# What if...



## Kelly Johnson (May 22, 2005)

As we get closer to the indoor season a thought came to me.

NorthJeff once mentioned this as well I belive.

What if when we shop for bows we clear our heads of the propganda and the pre conceived notions of what we THINK we want and shoot as many brands of bows, makes and model as possible, maybe even blindfolded or at least with an open mind, and make out purchase based on the bow that shoots the best for us?

I did this once, and certain circumstances have prevented me from doing it again, but I never regretted it and actually wish in some ways I could do it again.

I walked into a shop with my head set on a 2003 Bowtech Patriot Dually.

One of the Techs showed me the bow, asked what I knew about it, what my criteria was and when I finished my speech he asked a simple question...."Why?" 

Why was a 33" ata, important?
Why was 325fps important?
Why was the 7.25" brace important?

I had an answer for the Dual cam question:lol: but that was about it.

He asked me politley if my mind was completely made up and if I'd entertain the idea of other bows...how could I say no really? 

I shot 12 or 13 different bows that day.

The first couple I asked questions..."What's the ata on this one?", "What's the IBO?" ...to each he responded "Who cares? Shoot it. How's it feel?"

Some of the bows I'd never even heard of before. 

At the end of the day I walked out with dual cam, 37.75" ata and a 6" brace bow and I shot the freakin' lights out with that thing.

It was a last years model and I paid about 325 less than what I had planned on dropping on that Patriot.

I shot 8 deer that year with that bow and it was like it had elven magic dust sprinkled on it...I couldn't miss. 

Eventually the hype got to me again and I sold it and bought that Patriot after all and while I LOVED the idea of it and how it felt...I didn't shoot it as well as the other one I'd just sold.

So as we look at new toys maybe we should change our criteria, clear our minds of internet hype, ad campaigns, cut and spec sheets and SHOOT a bow that SHOOTS the best for us.

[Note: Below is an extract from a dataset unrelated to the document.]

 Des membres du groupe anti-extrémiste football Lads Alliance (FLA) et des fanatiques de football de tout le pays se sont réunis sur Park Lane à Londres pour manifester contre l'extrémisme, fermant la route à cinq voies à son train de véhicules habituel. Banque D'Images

You may be suprised at what bow you end up with and even more suprised at how well you can shoot.


----------



## john warren (Jan 25, 2005)

your 100% on. we fall into the trap of the latest and greatest. highest speed.. all the bells and whistles .
fine if thats where your head is. but clear thinking will tell you that beyond a certain speed, all your doing is sticking your arrow deeper into the dirt beyond the deer.
the most important thing for a bow is that its comfortable to shoot, and you hit what you aim at. beyond that any bow made now days will do the job. assuming they don't have a rep for falling apart.
my bow is a very old two wheeler bear that im totaly confident in hitting where i point it. when it was new it was shooting around 185 ft per sec.
im sure after 28 years of use its lost some speed. but the deer i hung this year didn't seem to notice.
i do not advocate using such an old bow for others. but seriously think about WHY you want a feature on a bow and if its worth the extra price.
oh yes, if interested, my xx75 with a 125 gr bear razorhead passed threw and left a good blood trail, though he dropped within sight so i didn't have to track anyway.
its all about shot placement.


----------



## sbooy42 (Mar 6, 2007)

While hunting this weekend I actually caught myself thinking about about an Oneida or Monster for spots this year..


----------



## U of M Fan (May 8, 2005)

I always try to shoot as many bows as the shop will let me. I havent been in the market for a bow in a while, but I still like to shoot the new ones to see how I like them. I shoot a Switchback XT because when I shot it, it was the smoothest bow I have ever shot and still is. I just wish it was a little faster. My next bow will be the one that feels best to me not because of the name on it.


----------



## Michihunter (Jan 8, 2003)

I have a feeling I know the guy you are referring to Kelly. And if I'm right, it was because of that very same thing that I hold him in such high respect. Of all the bows I've ever fired, there's only been two that I can say without a doubt fit me perfectly. I purchased one of them( it was stolen) and never got around to getting the other(it's no longer produced and pretty hard to find). But to this day I try to follow the 'no look before shooting' routine. Very sound advice for sure!!


----------



## reflexshooter (Jan 14, 2009)

I swore after I bought my reflex that I would never buy another one without shooting it first. (a bow not a reflex) I like my bow and it has done well over the years. I still wish I could have shot it before I bought it. (Dunham's purchase) and I bought it because of price, draw weight, etc.


----------



## Kelly Johnson (May 22, 2005)

Michihunter said:


> I have a feeling I know the guy you are referring to Kelly. And if I'm right, it was because of that very same thing that I hold him in such high respect. Of all the bows I've ever fired, there's only been two that I can say without a doubt fit me perfectly. I purchased one of them( it was stolen) and never got around to getting the other(it's no longer produced and pretty hard to find). But to this day I try to follow the 'no look before shooting' routine. Very sound advice for sure!!


 
Gordy at Schupbac's in Jackson Ted.
It was 2003 and I'd been shooting for 2 years and had just found hunting adn archery based forums like this.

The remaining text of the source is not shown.